Die Staatsanwaltschaft klagte wegen mehrfacher Rassendiskriminierung. Dies wegen zweier Abschnitte im alten 20-Punkte-Parteiprogramm, das zwischen August 2005 und März 2006 auf der parteieigenen Internetseite aufgeschaltet war. Im Strafbefehl des Bezirksamts heisst es dazu: «Das Parteiprogramm der Pnos beinhaltet eine kollektive Schmähung der Ausländer, indem ihnen in Punkt 4 Menschenrechte abgesprochen werden und in Punkt 7 ein Aufruf zur Rückführung kulturfremder Ausländer erfolgt.» Auf die Frage des Gerichtspräsidenten meinten alle fünf Angeklagten unisono: «Ich wusste, was der Inhalt des Programms war. Ich bin aber nicht der Ansicht, dass der Inhalt gegen die Antirassismus-Strafnorm verstossen hat.» Aussagen, die der Verteidiger der ehemaligen und aktiven Pnos-Spitze, der Kulmer Rechtsanwalt Fritz Tanner, weiter ausführte. «Es handelt sich dabei nur um eine Äusserung bezüglich der Ausländerpolitik.» Die Idee bei Punkt 7 sei eigentlich diese: Um nicht viel Geld für nicht assimilierte Ausländer auszugeben, solle dieses besser über eine internationale Organisation vor Ort gespendet werden. Weitere Punkte der Verteidigung: Das Programm stamme noch vom vorhergehenden Vorstand, die Angeklagten seien keine Juristen und schliesslich sei das Programm später auch geändert worden.
Niemand wusste von nichts
Nächstes Traktandum: Der «Taschenkalender des nationalen Widerstands 2006», in welchem unter anderem die jüdische Kippa mit dem Gesslerhut gleichgestellt wurde. Ein Pnos-Mitglied › das in einem Schreiben die volle Verantwortung dafür übernahm › vertrieb das 256 Seiten starke Büchlein übers Internet. Die Seite war auch auf der Pnos-Homepage verlinkt. «Ich habe nicht gewusst, das dieser Kalender dort verkauft wurde», so die Aussage eines Ex-Vorstandmitglieds. Man habe erst aus den Medien davon erfahren.
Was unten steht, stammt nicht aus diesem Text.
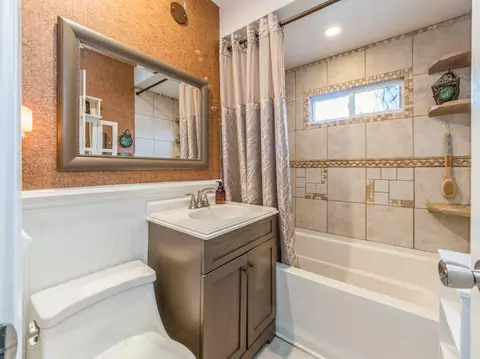 2305 Flicker Ln, Rolling Meadows, IL 60008 photo 9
Abgang unter Polizeischutz
Während sich die Pnos-Exponenten vor Gericht meist kurz fassten und der Prozess absolut emotionslos ablief, war der Abgang aus dem Saal dann umso spektakulärer: Auf Wunsch der Angeklagten › und schliesslich auf richterliche Anweisung › mussten die Prozessbeobachter im Saal bleiben, bis die in der Öffentlichkeit auftretenden aktiven Vorstandsmitglieder und ihre kamerascheuen Ex-Kollegen › in Begleitung von Polizisten › ausser Reichweite und in «Sicherheit» waren.